§ **Work request**:
Return an exact copy of the lines from the one holding "07.12.2025 - St." to the end of the data, including both the starting and final lines. Leave the pictures out.

§ **Input**:

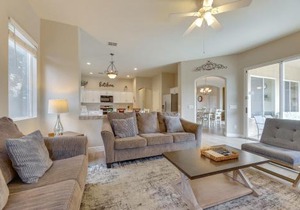 4 Mi to Riparian Preserve Mesa Abode with Hot Tub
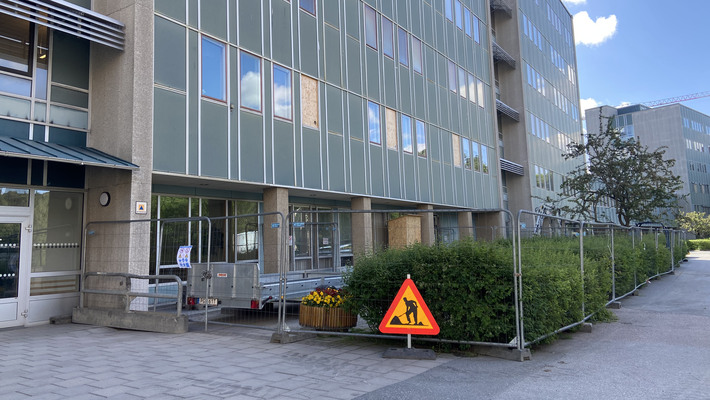 Avspärrning för grävarbeten vid byggnad 40, Danderyds sjukhus.
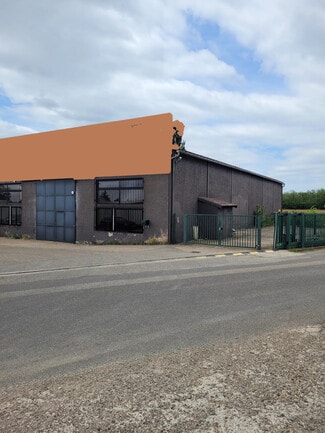 Plus de détails pour Local d'activités à louer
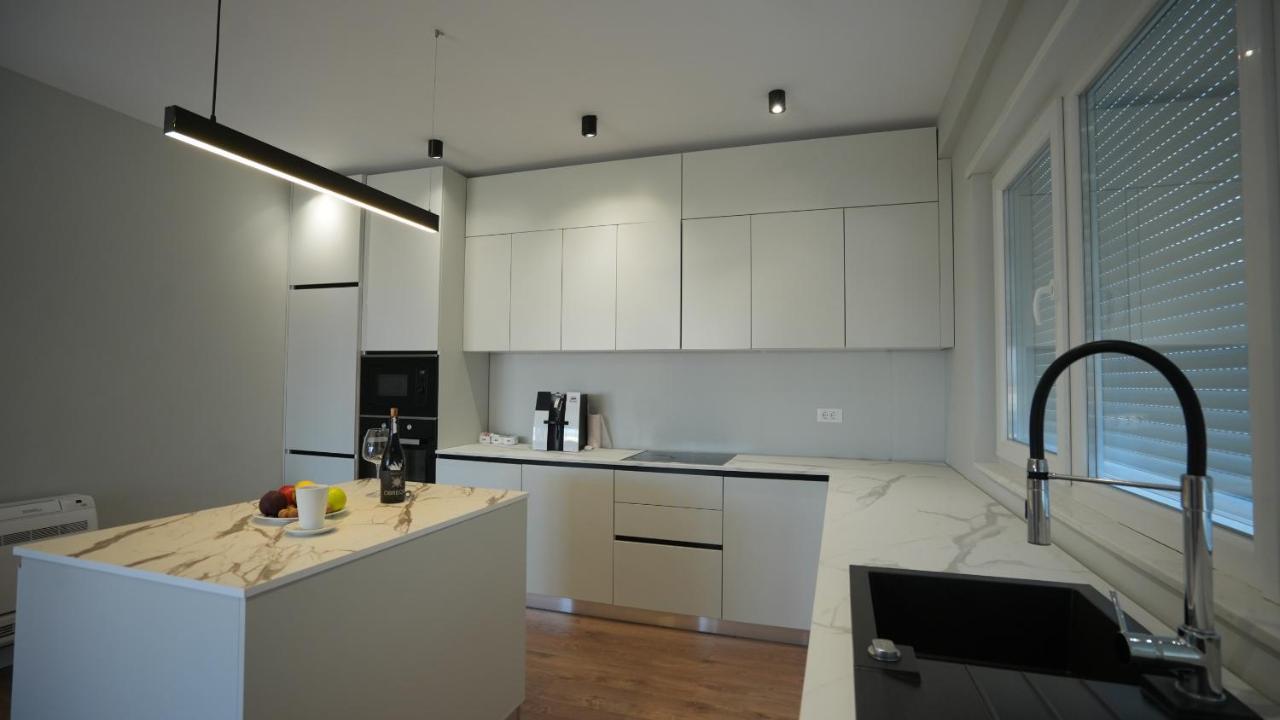 Villa 22 Tirana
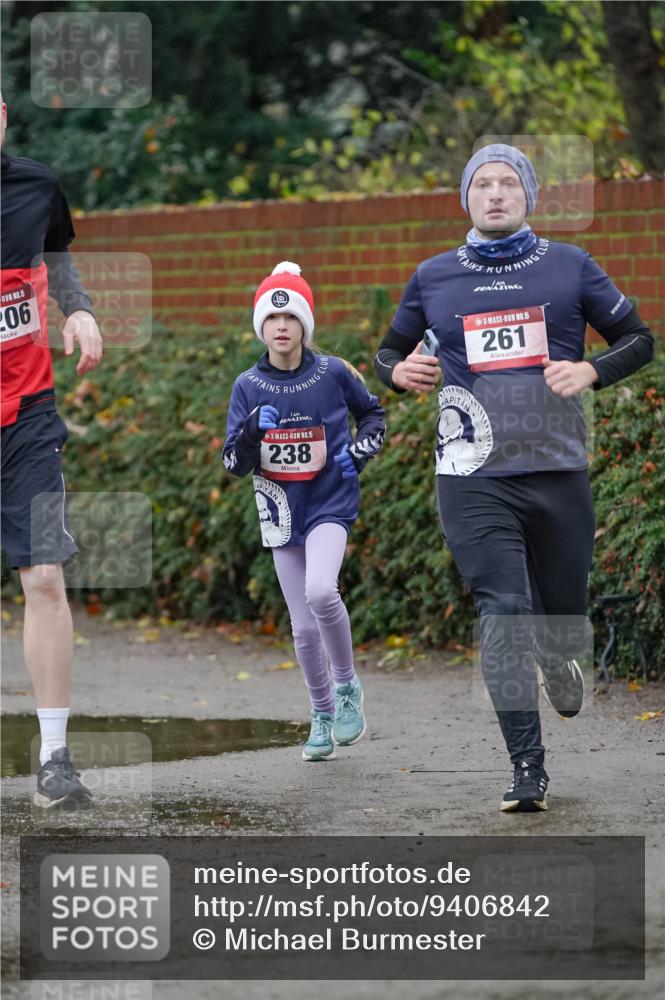 07.12.2025 - St. Pauli X-Mass-Run No. 15 Michael Burmester http://msf.ph/oto/9406842 07.12.2025 09:39:40 Laufen 15, 206, 15, 238, 15, 261 meine-sportfotos.de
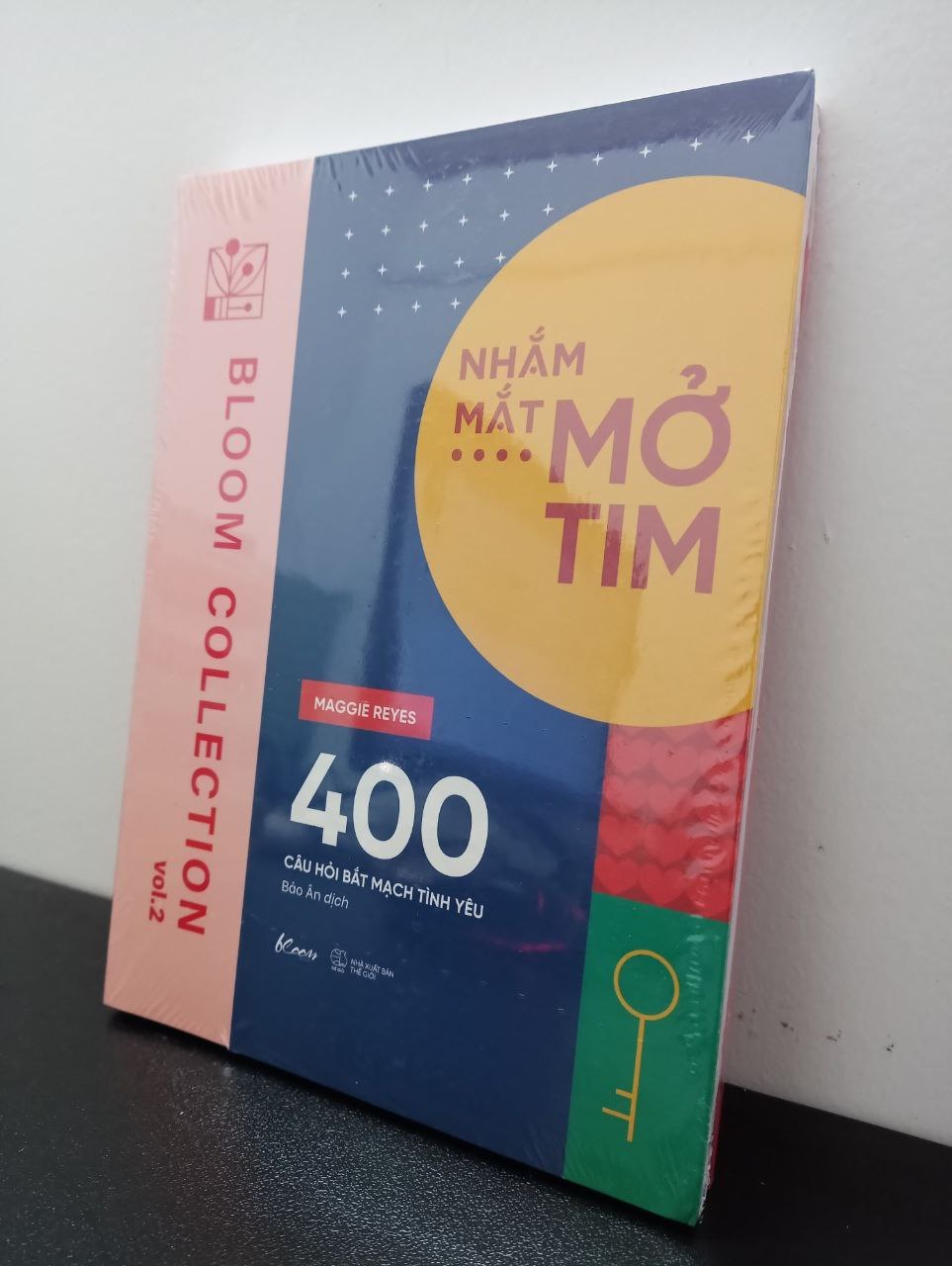 Nhắm Mắt - Mở Tim: 400 Câu Hỏi Bắt Mạch Tình Yêu Maggie Reyes New 100% HCM.ASB2702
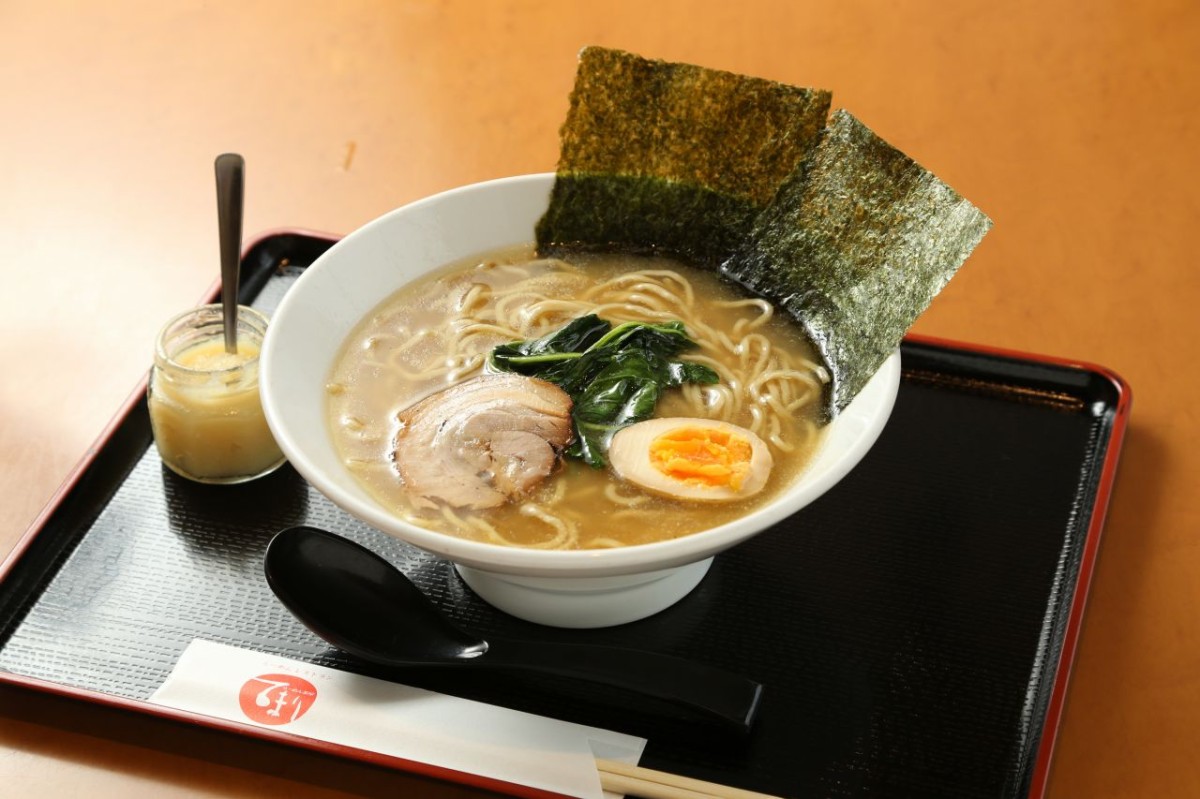 島根県松江市の人気ラーメン＆喫茶店『てまり』の「豚骨醬油ラーメン」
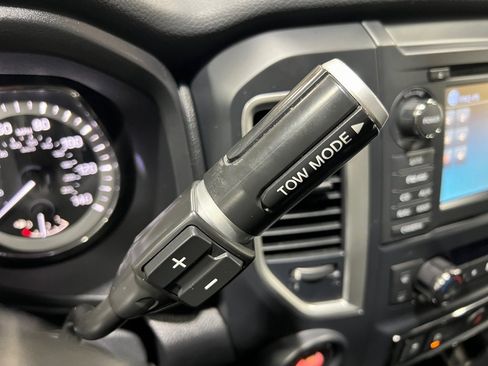 Used 2018 Nissan Titan SV image 38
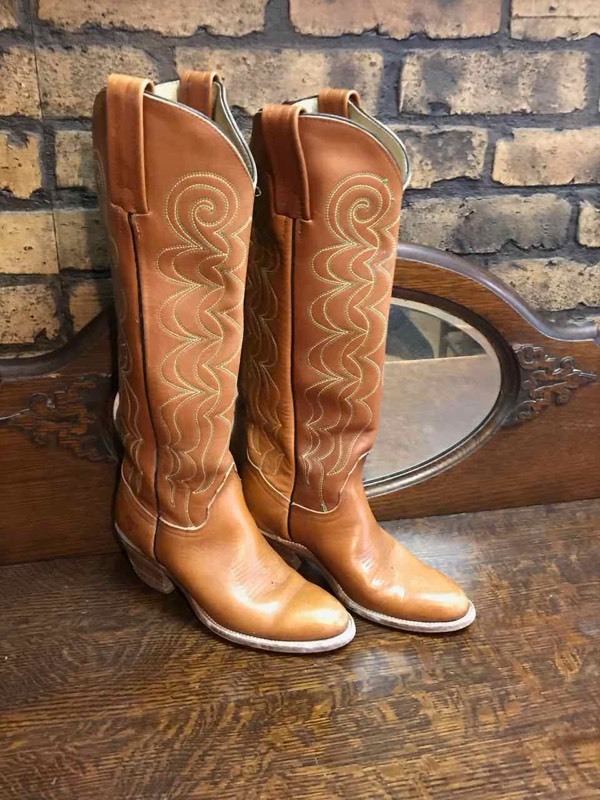 lot 103 image: Bedroom 1  Ladies Frye Cowboy Boots (5B)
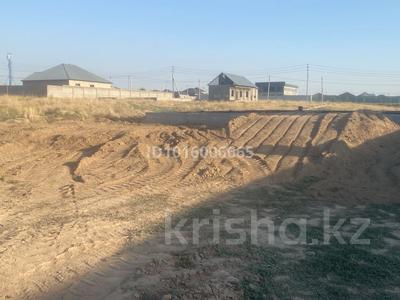 Участок · 10 соток, мкр Туран , ул Омбы — Участок 10 соток с фундаментом 17 м на 21,6 м, фундамент с подушкой, армирован капитально ф14 арматурой и подушка и фундамент, находится напротив 79 школы, дорог за 45 млн ₸ в Шымкенте, Каратауский р-н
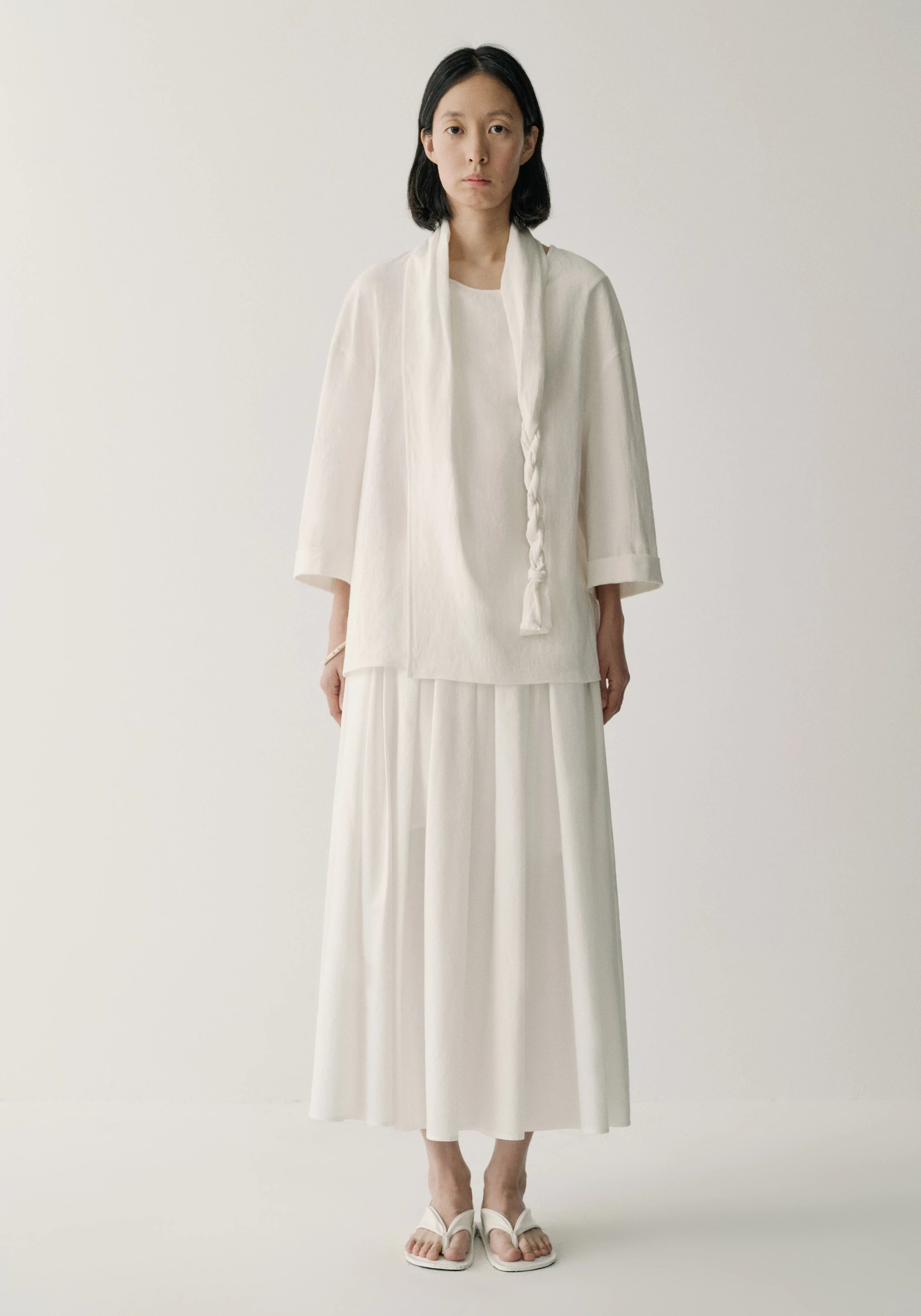 #color_off white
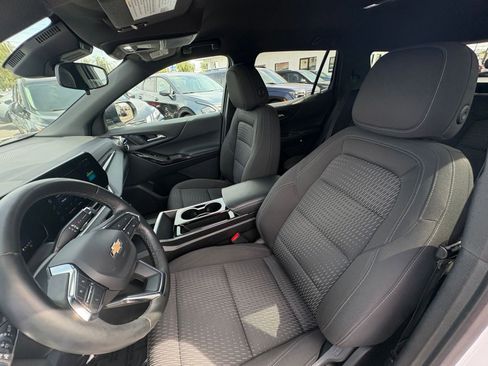 Used 2025 Chevrolet Equinox LT image 37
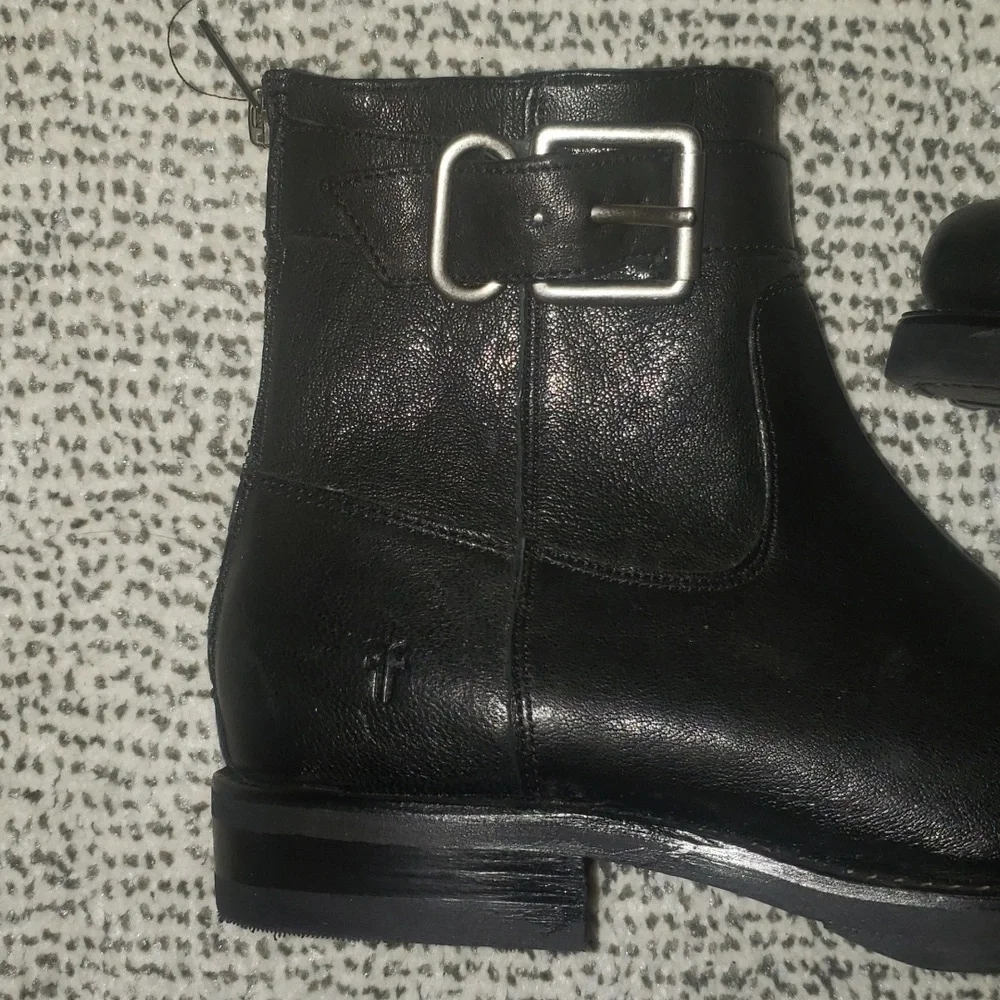 Frye Veronica Moto ankleboot 6 1/2 - Picture 3 of 7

§ **Solution to the problem**:
 07.12.2025 - St. Pauli X-Mass-Run No. 15 Michael Burmester http://msf.ph/oto/9406842 07.12.2025 09:39:40 Laufen 15, 206, 15, 238, 15, 261 meine-sportfotos.de
 Nhắm Mắt - Mở Tim: 400 Câu Hỏi Bắt Mạch Tình Yêu Maggie Reyes New 100% HCM.ASB2702
 島根県松江市の人気ラーメン＆喫茶店『てまり』の「豚骨醬油ラーメン」
 Used 2018 Nissan Titan SV image 38
 lot 103 image: Bedroom 1  Ladies Frye Cowboy Boots (5B)
 Участок · 10 соток, мкр Туран , ул Омбы — Участок 10 соток с фундаментом 17 м на 21,6 м, фундамент с подушкой, армирован капитально ф14 арматурой и подушка и фундамент, находится напротив 79 школы, дорог за 45 млн ₸ в Шымкенте, Каратауский р-н
 #color_off white
 Used 2025 Chevrolet Equinox LT image 37
 Frye Veronica Moto ankleboot 6 1/2 - Picture 3 of 7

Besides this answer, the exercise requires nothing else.